Let's face it: our personalities make it easier for us to bond with some students, and more difficult with others. My co-leader and I are 100% on the same page as it comes to disciple making and we're good friends. But our personalities are different in some ways. And this is proving to be a huge benefit to our guys. It provides more diverse conversation and experiences, and it creates some different touch points for relationship to develop.
Having two leaders means that the logistics of running a group like this doesn't always fall on one person. I travel a fair amount. Last year we canceled at least 6 meetings because of my schedule. This year I have been out of town twice. And discipleship happened anyway. There is a long list of logistical advantages of having two small group leaders.

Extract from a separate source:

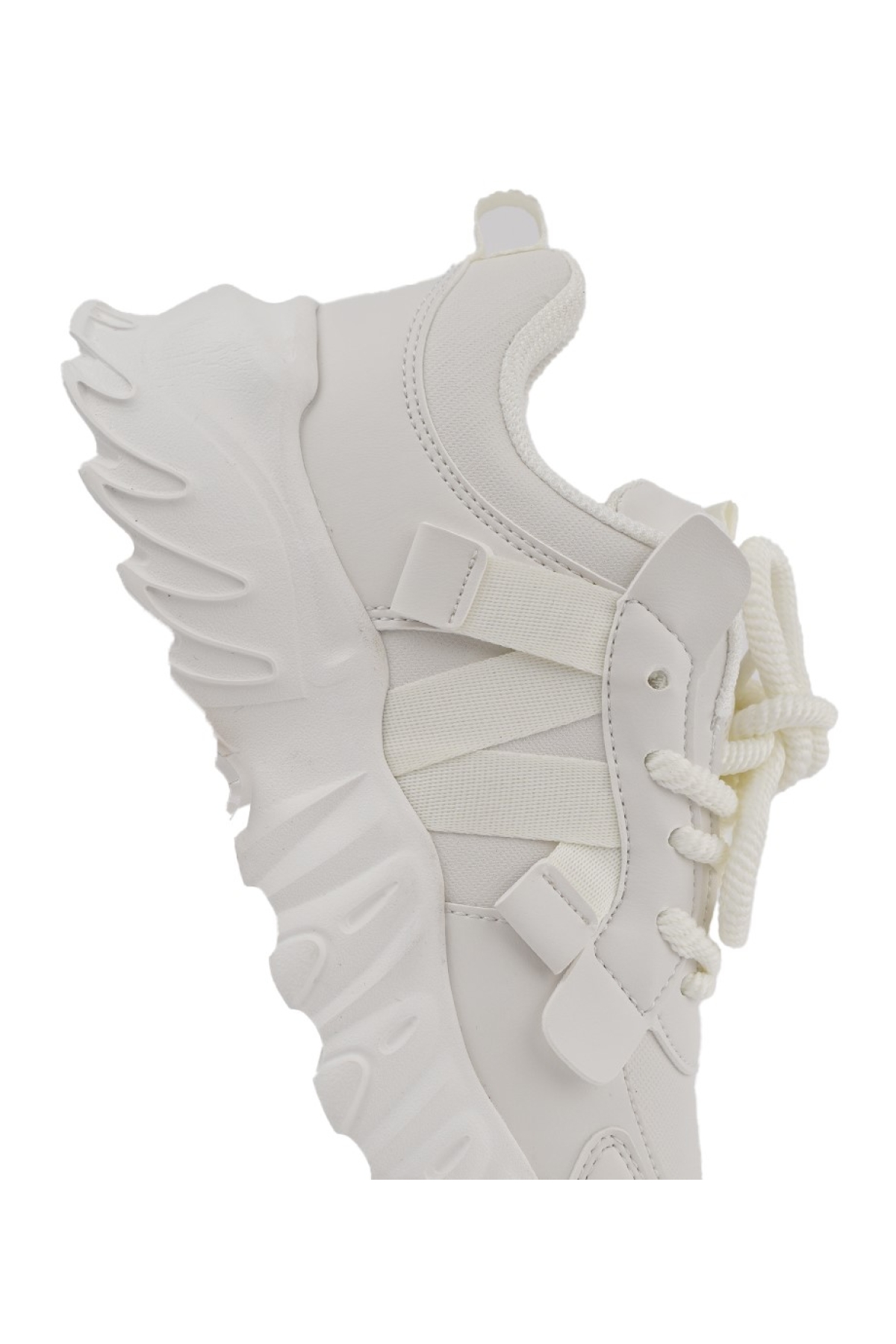 Verom Bağcık Görünümlü Cırt Cırtlı Sneaker Ortopedik Çocuk Spor Ayakkabı - Görsel 6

I've realized that I have some deficiencies I hadn't even really noticed. Having an extra set of eyes means seeing ways to grow and improve. Our overall small group experience is better because of my co-leader coming in and leading out according to his personality.
Whether we realize it or not, our view of life and faith is tempered by how our experiences have shaped us. When you have a "co-leader" model of leadership, you suddenly have the richness of two different sets of life experiences. My buddy and I approach things from different angles at times based on how we've been shaped by our stories. Again, the benefit for the students is huge.

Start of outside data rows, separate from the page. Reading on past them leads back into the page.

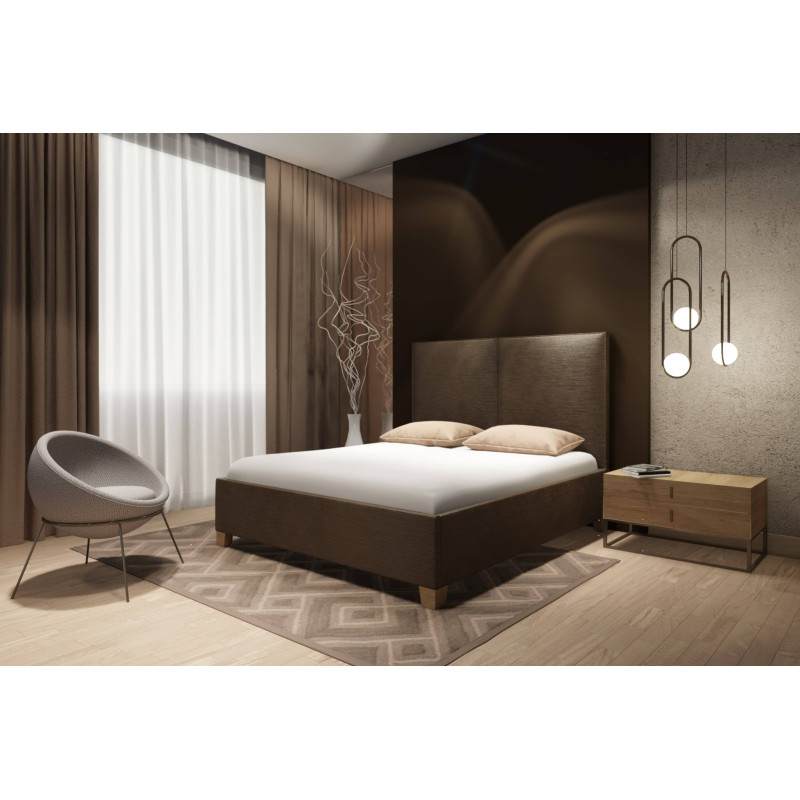 Čalúnená posteľ ALYA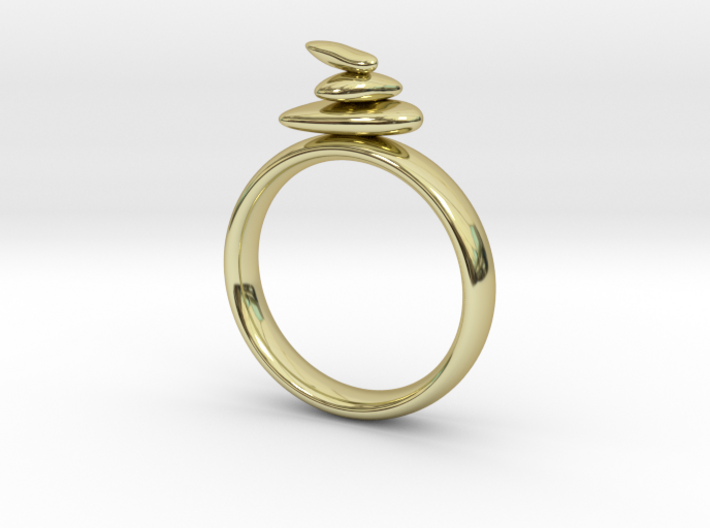 Balance Ring size 8 3d printed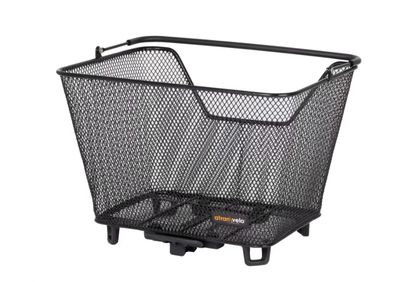 Panier vélo AtranVelo Daily M AVS – 22 L – Noir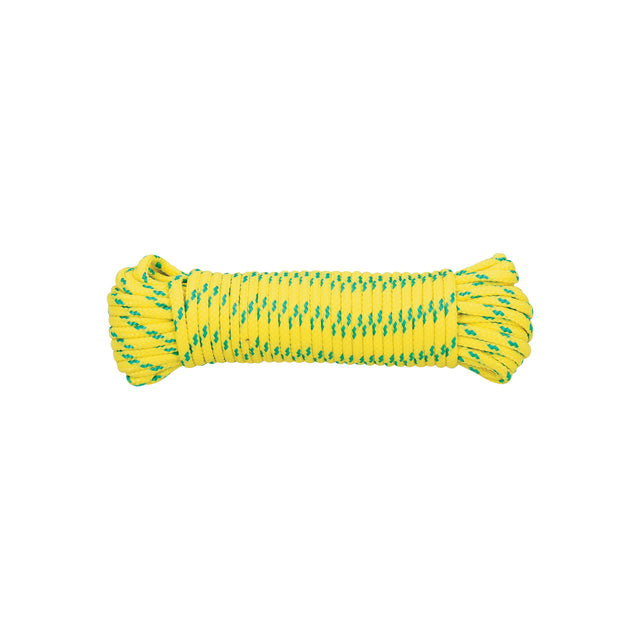 Piola de polipropileno trenzada de 4 mm x 15m en madeja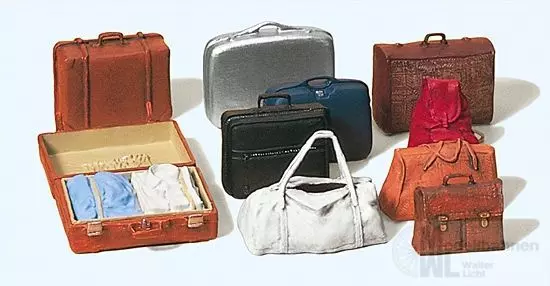 Preiser 45218 - Reisegepäck Spur G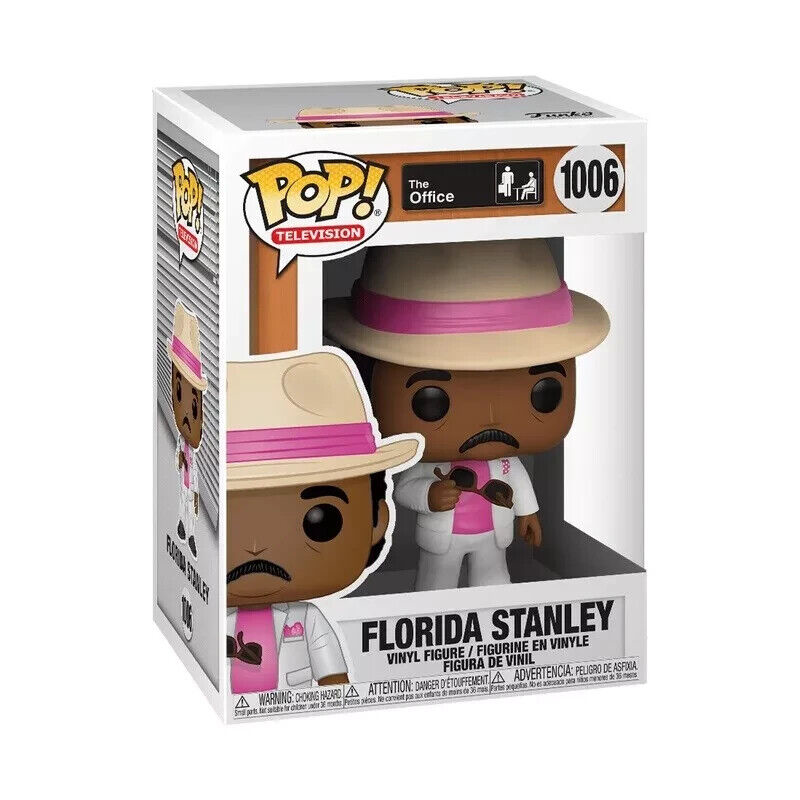 FLORIDA STANLEY POP FUNKO FIGURE #1006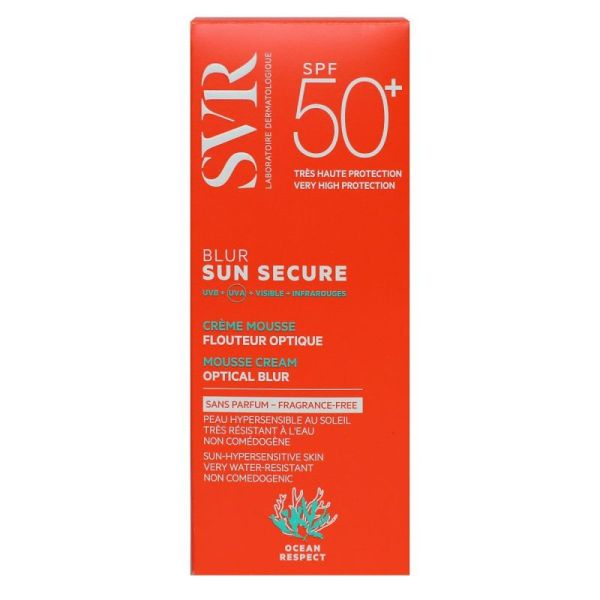 Svr Sun Secure 50 Blur S/Parfum 50Ml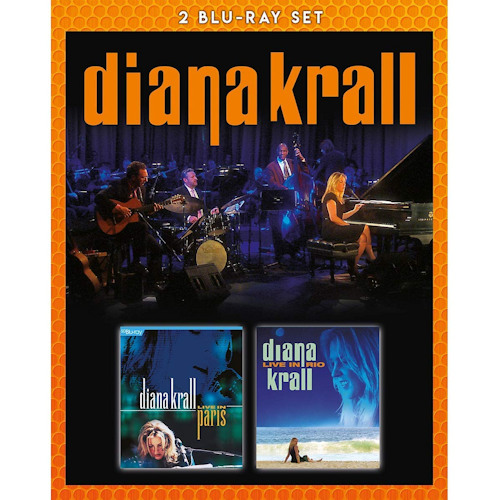 KRALL, DIANA - LIVE IN PARIS / LIVE IN RIO -2 BLRY SET-KRALL, DIANA - LIVE IN PARIS - LIVE IN RIO -2 BLRY SET-.jpg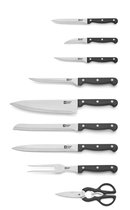 Richardson Sheffield-Artisan - bloc de couteaux 9 pièces en bois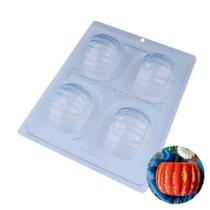 Forma Especial de Acetato - Abóbora M Halloween - Cód 10035 - 3 unidades - BWB - Rizzo Forma Especial de Acetato - Abóbora M Halloween - Cód 10035 - 3 unidades - BWB - Rizzo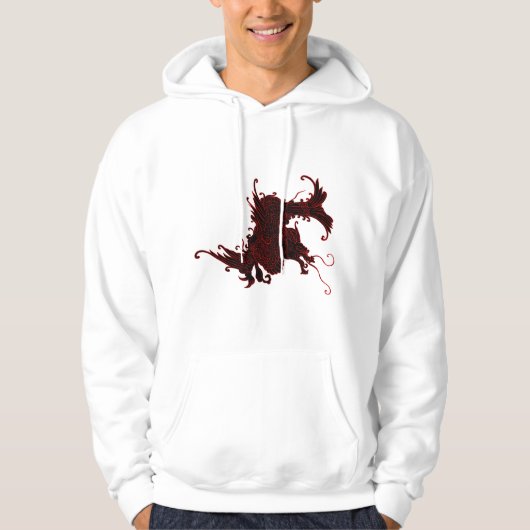 Fierce Oriental Dragon Hoodie (Vorderseite)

Obviously, having co-leaders makes it so much easier to build meaningful relationships with students. Take last week for instance. We spent all day Saturday together as a group. We played football, basketball, video games . . . all the stuff you do with middle school guys. The cool thing? When I was playing basketball with a couple guys, my buddy was throwing the football with three more. Relationship multiplication!

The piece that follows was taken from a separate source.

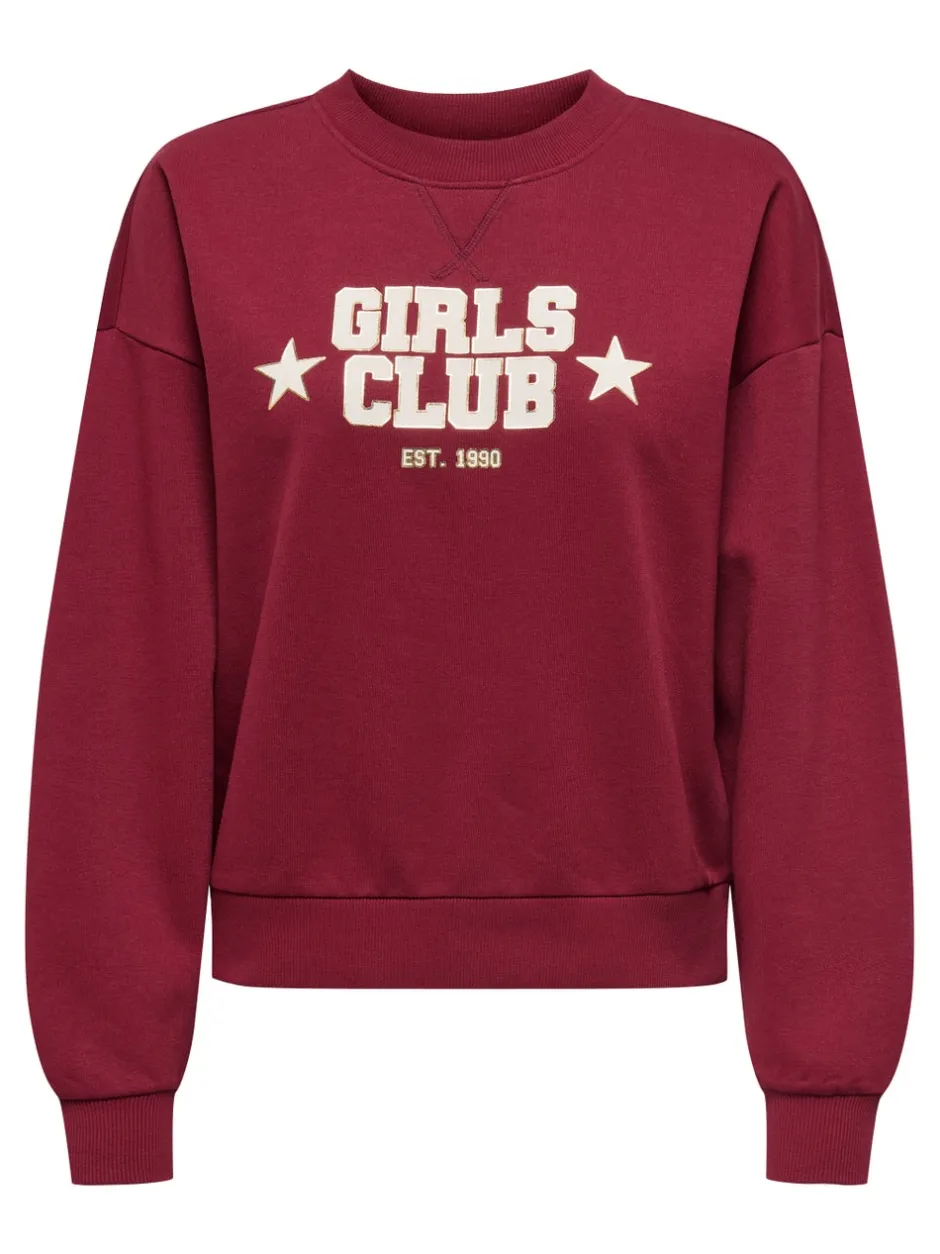 Clearance ONLJO Sweatshirt Dame Sweatshirts
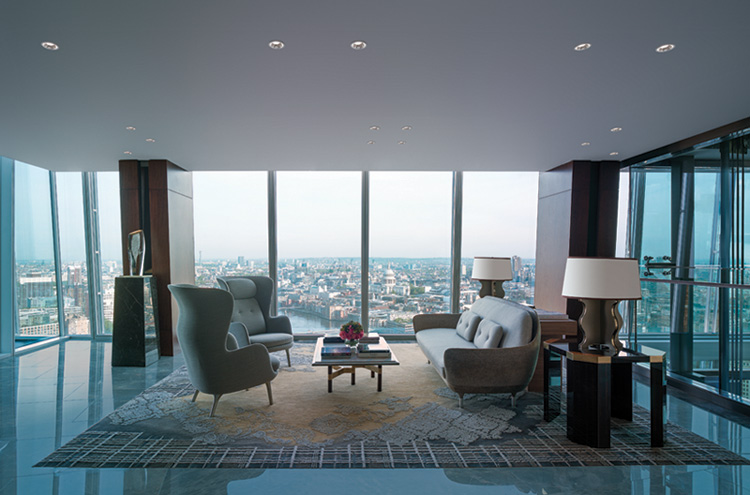 Shangri-la Hotel at the Shard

Are there some considerations? I can think of a few . . .
- Personnel--Many youth pastors struggle to find one adult to lead a small group much less two.
- Flexibility--There has to be a commitment by the co-leaders to be flexible and open to each other's influence. Co-leading is a partnership.
- Humility--I have seen small group leaders over the years feed too much off the attention students give them. This is a bad quality to begin with, but there is especially no room for it in a co-leader model.
But, all in all, the experiment has been extremely beneficial to me and to our group.